#### SOURCE INFORMATION ####

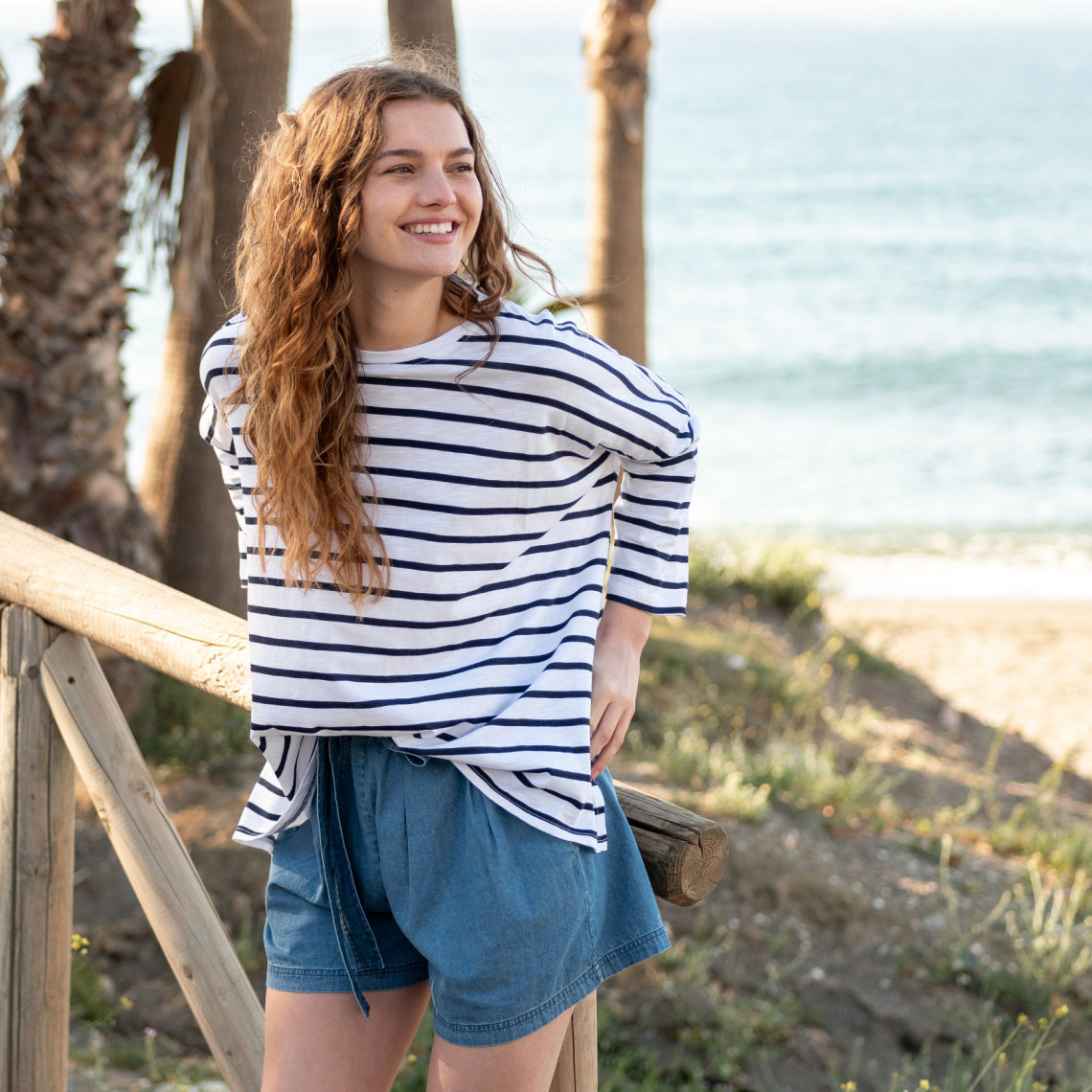 female wearing a navy striped tee shirt leaning on a fence by the beach 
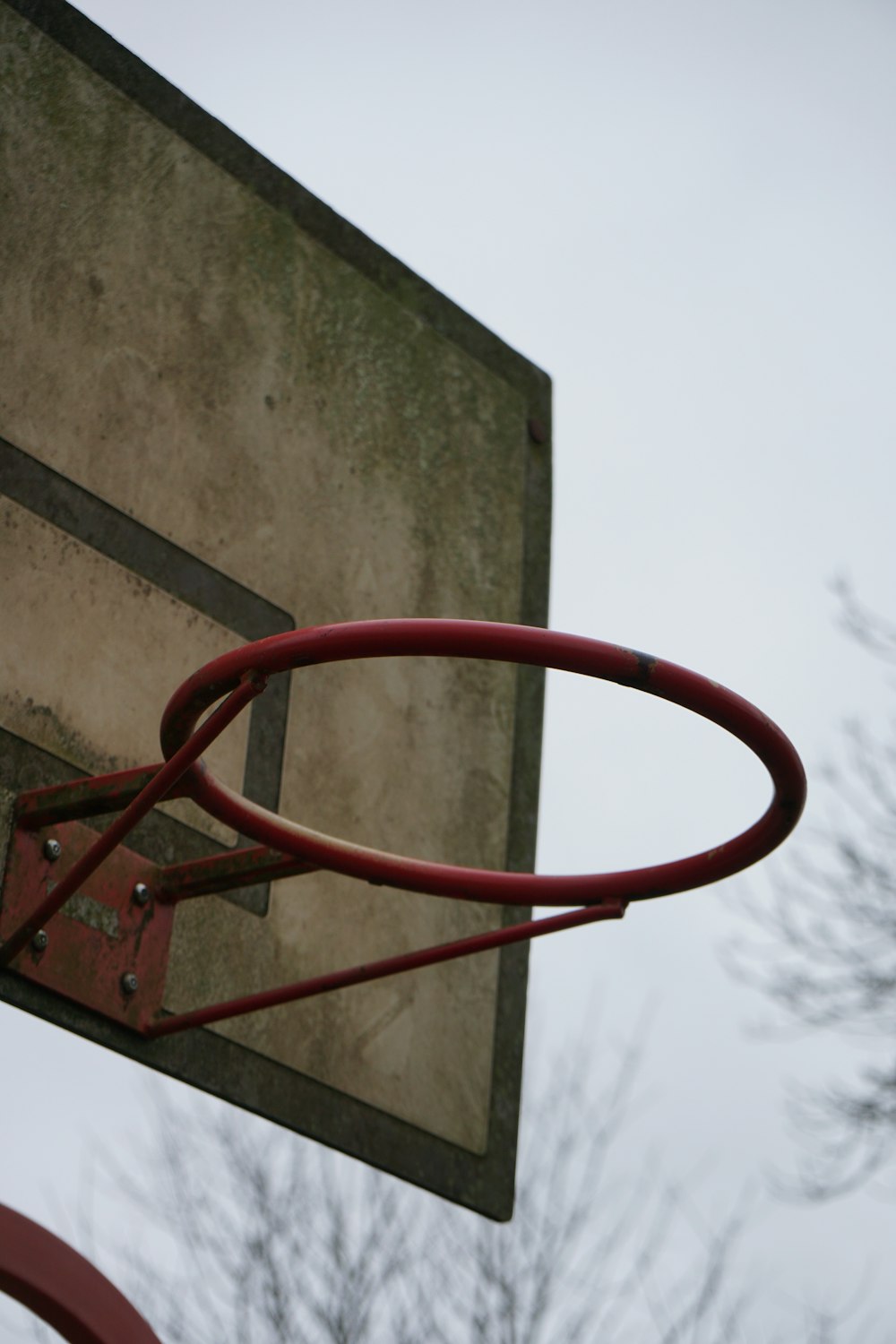 a close up of a basketball hoop with trees in the background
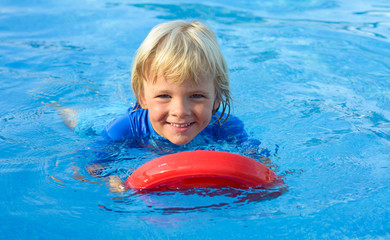 Happy  little boy has fun with floating board  in  swimming pool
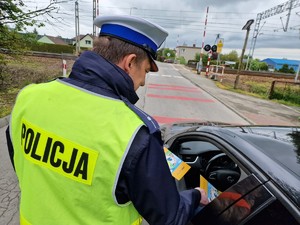 Zdjęcie przedstawia: umundurowanego policjanta podczas wręczania kolorowanek kierowcy samochodu.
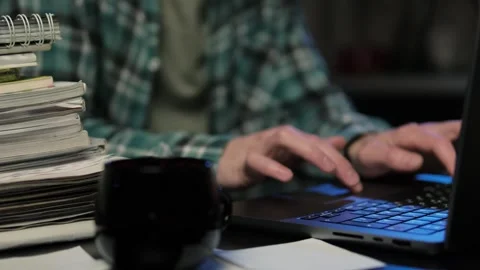Close-up of a man sitting at a kitchen table at night, using a laptop for remote 스톡 동영상 297188094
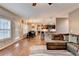 Open concept living space with natural light, hardwood floors and comfortable seating at 1229 Woodmere Dr, Loganville, GA 30052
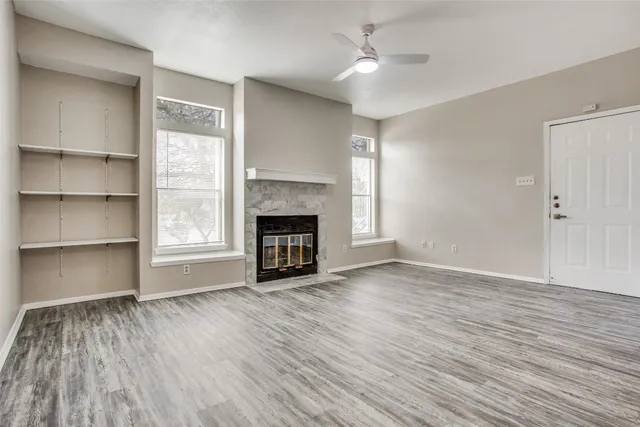 an empty room with wooden floor fireplace cabinet and windows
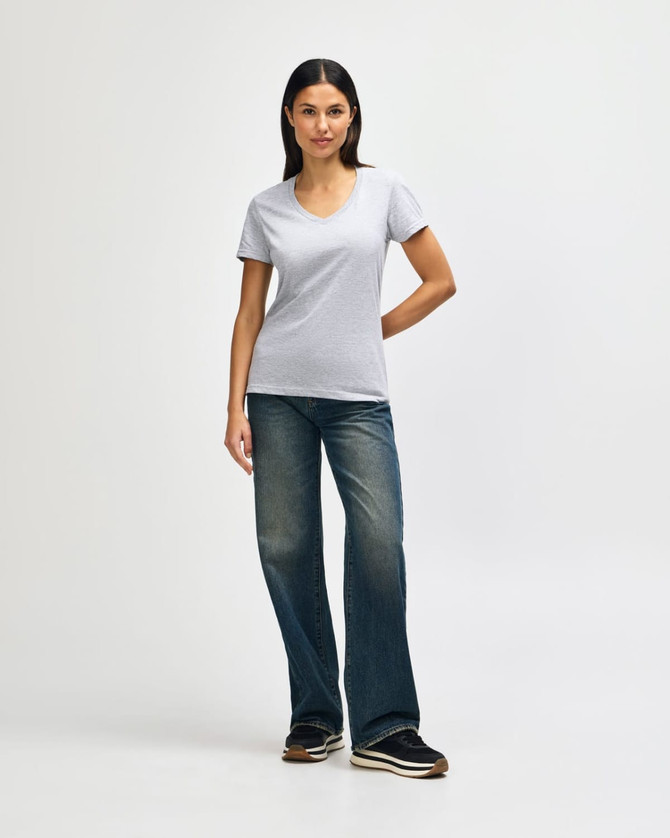 A grey ladies' V-neck T-shirt displayed on a model, paired with dark jeans and casual shoes.
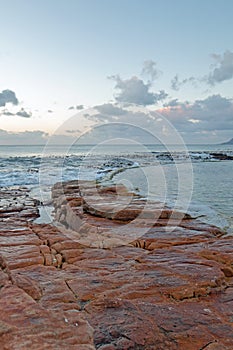 Sunrise over rocky coast at Dale Brook Tidal Swim Pool seawall in Cape Town South Africa SA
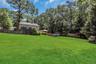 Expansive green lawn with a wooden privacy fence bordering mature trees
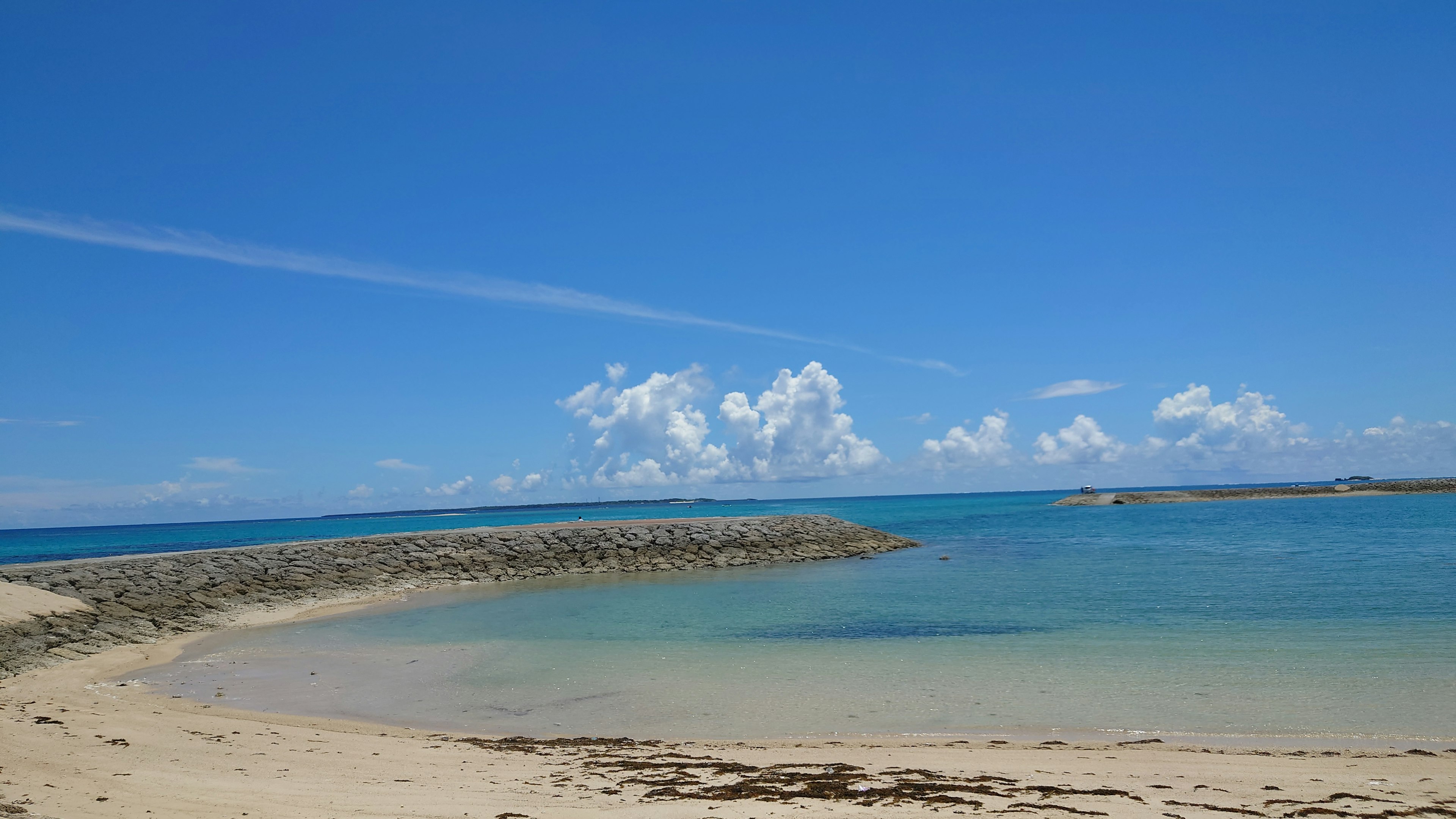 Vue de plage pittoresque avec ciel bleu et nuages eaux calmes et rivage de sable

####

**EXERCISE AIM**
Restate the data above verbatim, skipping every image.

**EXPECTED ANSWER**
 female wearing a navy striped tee shirt leaning on a fence by the beach 
 a close up of a basketball hoop with trees in the background
 Happy  little boy has fun with floating board  in  swimming pool
 Zdjęcie przedstawia: umundurowanego policjanta podczas wręczania kolorowanek kierowcy samochodu.
Close-up of a man sitting at a kitchen table at night, using a laptop for remote 스톡 동영상 297188094
 Open concept living space with natural light, hardwood floors and comfortable seating at 1229 Woodmere Dr, Loganville, GA 30052
 an empty room with wooden floor fireplace cabinet and windows
 A grey ladies' V-neck T-shirt displayed on a model, paired with dark jeans and casual shoes.
 Sunrise over rocky coast at Dale Brook Tidal Swim Pool seawall in Cape Town South Africa SA
 Expansive green lawn with a wooden privacy fence bordering mature trees
 Vue de plage pittoresque avec ciel bleu et nuages eaux calmes et rivage de sable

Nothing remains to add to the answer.